Funesti effetti dell'ira e dell'ubriachezza

Alexander sollemni die amicos in convivium convocat. Orta inter ebrios rerum a Philippo...

Nel giorno solenne Alessandro invitò gli a mici ad un banchetto. Si racconta che iniziò fra gli ubriachi un ricordo delle imprese fatte da Filippo, egli stesso cominciò ad anteporsi al padre, con l'assenso della maggior parte degli invitati.

E così quando uno tra gli anziani, Clito, con la fiducia dell'amicizia del re, proteggeva la memoria di Filippo ed elogiava le sue gesta, Alessandro arse talmente dall'ira che, afferrata la lancia da una guardia, lo trucidò durante il convivio. Ma dopo che l'animo appagato per l'uccisione trovò quiete iniziò a pentirsi del fatto.

Pertanto, volto al pentimento con il medesimo furore con il quale poco prima (era stato volto) all'ira, volle morire. Dapprima, scoppiato in lacrime, (complector) abbracciò il morto quindi afferrò e volse verso di sè il pugnale e avrebbe compiuto una scelleratezza se non fossero intervenuti gli amici. Conservò questa volontà di morire anche nei giorni seguenti.

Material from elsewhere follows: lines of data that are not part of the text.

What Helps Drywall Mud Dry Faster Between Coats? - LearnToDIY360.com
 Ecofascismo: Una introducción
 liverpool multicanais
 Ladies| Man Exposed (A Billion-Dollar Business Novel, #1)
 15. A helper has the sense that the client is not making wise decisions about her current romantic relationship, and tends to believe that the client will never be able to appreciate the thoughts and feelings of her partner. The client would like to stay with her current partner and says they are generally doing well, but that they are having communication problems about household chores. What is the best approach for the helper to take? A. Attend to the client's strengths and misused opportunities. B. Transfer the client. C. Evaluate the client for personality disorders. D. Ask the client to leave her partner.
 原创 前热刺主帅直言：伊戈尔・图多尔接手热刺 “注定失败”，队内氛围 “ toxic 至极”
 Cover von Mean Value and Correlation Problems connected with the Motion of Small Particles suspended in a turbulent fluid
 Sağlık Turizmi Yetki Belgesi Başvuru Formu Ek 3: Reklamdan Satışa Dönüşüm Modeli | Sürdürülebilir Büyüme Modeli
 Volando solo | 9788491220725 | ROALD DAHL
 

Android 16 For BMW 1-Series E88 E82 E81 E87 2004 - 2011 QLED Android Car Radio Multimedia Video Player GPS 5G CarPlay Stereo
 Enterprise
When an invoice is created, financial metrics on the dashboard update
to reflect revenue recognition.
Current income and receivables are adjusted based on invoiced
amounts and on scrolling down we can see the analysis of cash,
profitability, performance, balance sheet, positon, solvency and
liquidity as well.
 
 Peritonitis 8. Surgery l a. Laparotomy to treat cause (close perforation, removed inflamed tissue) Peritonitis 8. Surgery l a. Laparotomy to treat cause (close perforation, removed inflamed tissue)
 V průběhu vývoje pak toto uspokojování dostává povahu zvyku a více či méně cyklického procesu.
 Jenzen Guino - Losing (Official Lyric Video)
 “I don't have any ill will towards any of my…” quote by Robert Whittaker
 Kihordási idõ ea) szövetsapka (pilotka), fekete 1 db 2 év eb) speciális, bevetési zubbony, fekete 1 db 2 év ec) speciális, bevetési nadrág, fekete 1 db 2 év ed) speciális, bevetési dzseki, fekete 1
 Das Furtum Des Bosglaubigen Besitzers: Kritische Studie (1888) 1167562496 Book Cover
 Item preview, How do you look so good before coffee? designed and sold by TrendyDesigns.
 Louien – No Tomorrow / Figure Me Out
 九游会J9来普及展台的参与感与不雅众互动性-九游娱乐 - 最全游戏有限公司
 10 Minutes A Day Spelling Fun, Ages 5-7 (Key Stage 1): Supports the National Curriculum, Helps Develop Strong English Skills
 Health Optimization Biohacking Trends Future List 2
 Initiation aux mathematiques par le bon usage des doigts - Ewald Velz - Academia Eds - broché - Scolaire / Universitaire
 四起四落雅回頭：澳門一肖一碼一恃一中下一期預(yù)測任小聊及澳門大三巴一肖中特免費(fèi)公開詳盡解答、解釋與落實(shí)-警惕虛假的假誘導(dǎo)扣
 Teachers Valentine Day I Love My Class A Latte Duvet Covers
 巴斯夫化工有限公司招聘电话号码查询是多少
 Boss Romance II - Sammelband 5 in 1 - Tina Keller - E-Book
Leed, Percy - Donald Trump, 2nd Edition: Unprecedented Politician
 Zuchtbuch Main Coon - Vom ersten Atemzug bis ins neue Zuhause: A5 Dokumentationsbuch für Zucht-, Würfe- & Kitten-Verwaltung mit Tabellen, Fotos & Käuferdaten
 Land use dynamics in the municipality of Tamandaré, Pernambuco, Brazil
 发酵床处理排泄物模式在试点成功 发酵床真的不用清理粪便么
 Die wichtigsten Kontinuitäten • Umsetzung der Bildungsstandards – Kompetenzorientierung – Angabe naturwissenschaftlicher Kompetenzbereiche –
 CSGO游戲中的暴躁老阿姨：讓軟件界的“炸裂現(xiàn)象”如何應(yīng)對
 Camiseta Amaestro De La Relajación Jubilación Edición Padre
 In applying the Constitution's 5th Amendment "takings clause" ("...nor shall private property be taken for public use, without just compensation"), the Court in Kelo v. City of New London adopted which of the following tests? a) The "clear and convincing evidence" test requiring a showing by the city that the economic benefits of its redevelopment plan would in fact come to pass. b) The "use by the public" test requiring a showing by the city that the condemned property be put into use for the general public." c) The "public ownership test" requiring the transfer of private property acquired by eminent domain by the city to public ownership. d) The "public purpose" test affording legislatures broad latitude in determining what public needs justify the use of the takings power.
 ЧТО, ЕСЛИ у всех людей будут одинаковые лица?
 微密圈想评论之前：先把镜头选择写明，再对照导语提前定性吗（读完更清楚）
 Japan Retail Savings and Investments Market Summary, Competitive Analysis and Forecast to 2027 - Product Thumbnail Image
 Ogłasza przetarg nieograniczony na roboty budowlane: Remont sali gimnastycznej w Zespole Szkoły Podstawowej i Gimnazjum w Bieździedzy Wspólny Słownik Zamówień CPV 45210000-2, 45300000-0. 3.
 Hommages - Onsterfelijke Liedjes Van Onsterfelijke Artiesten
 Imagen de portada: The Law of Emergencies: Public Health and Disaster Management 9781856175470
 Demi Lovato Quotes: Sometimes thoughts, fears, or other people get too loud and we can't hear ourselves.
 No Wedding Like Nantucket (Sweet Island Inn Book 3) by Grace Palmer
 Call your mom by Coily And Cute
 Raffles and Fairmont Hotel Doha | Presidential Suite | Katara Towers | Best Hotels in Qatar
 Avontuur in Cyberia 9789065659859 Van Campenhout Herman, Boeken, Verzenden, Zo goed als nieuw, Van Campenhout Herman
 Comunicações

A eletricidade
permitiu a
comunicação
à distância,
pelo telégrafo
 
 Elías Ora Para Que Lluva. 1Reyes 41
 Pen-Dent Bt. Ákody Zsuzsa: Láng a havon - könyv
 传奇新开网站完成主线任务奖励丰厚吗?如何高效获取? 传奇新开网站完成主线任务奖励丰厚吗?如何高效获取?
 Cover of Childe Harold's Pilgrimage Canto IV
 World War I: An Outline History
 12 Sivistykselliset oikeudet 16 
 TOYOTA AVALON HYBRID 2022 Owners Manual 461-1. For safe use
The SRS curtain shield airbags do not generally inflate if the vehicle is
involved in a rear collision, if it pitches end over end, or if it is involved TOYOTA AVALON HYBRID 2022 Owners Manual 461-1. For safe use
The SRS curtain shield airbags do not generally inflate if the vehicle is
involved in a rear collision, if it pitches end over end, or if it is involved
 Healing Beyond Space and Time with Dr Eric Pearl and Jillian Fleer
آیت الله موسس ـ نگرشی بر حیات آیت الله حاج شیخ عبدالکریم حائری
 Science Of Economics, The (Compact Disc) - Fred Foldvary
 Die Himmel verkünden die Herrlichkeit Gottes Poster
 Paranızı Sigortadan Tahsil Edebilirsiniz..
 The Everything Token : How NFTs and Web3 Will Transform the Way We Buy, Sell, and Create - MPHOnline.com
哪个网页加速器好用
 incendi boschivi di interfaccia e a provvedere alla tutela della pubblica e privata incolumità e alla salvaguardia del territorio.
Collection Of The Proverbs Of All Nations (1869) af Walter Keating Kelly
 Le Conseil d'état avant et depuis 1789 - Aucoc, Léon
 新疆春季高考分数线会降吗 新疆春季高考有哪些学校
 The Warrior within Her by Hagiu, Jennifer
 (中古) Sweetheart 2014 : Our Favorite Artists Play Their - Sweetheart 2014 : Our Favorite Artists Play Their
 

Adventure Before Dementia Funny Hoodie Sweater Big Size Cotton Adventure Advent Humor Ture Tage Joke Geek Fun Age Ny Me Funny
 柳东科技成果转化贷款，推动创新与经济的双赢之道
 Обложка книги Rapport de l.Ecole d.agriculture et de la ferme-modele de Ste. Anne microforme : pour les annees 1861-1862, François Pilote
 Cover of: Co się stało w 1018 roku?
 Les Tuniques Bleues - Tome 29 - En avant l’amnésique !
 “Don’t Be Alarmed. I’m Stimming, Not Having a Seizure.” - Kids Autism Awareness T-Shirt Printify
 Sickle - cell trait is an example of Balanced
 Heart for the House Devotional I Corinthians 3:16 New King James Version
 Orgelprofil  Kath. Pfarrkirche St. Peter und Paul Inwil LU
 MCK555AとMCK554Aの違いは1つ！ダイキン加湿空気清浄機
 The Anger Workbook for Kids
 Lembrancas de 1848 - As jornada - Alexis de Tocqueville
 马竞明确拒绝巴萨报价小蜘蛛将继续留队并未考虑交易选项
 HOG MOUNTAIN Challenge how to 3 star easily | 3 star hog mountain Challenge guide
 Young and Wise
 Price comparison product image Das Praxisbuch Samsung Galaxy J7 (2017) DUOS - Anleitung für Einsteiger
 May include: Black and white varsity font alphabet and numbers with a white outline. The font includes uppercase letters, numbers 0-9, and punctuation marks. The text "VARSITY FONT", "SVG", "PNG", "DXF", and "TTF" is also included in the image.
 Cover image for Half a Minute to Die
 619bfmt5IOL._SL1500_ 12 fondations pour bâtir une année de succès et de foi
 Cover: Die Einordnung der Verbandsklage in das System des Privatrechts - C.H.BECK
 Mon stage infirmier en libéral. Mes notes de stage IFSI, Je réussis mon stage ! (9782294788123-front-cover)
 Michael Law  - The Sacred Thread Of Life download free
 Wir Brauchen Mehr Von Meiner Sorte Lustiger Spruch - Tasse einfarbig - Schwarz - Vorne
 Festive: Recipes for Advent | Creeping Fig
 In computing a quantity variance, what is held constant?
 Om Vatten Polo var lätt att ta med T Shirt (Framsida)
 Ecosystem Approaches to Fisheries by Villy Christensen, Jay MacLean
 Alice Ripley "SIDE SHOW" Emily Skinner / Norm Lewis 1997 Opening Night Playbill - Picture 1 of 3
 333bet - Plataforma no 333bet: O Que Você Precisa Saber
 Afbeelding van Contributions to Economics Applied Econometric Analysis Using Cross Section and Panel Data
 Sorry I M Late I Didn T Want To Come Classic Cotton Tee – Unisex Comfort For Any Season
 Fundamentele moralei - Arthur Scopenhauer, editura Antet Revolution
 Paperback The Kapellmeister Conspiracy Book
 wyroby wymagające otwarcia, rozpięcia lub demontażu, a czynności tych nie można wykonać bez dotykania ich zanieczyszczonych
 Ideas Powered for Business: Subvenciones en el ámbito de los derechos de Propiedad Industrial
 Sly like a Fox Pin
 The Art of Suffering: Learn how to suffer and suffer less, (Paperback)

Si era aggiunto infatti al pentimento il ricordo della sua nutrice, la sorella di Clito, di cui lui si vergognava moltissimo. Per questo Alessandro per quattro giorni rimase digiuno,  fino al momento in cui fu implorato dalle preghiere di tutto l' esercito affinché non si addolorasse per la morte di uno solo, in modo tale che perdesse tutti.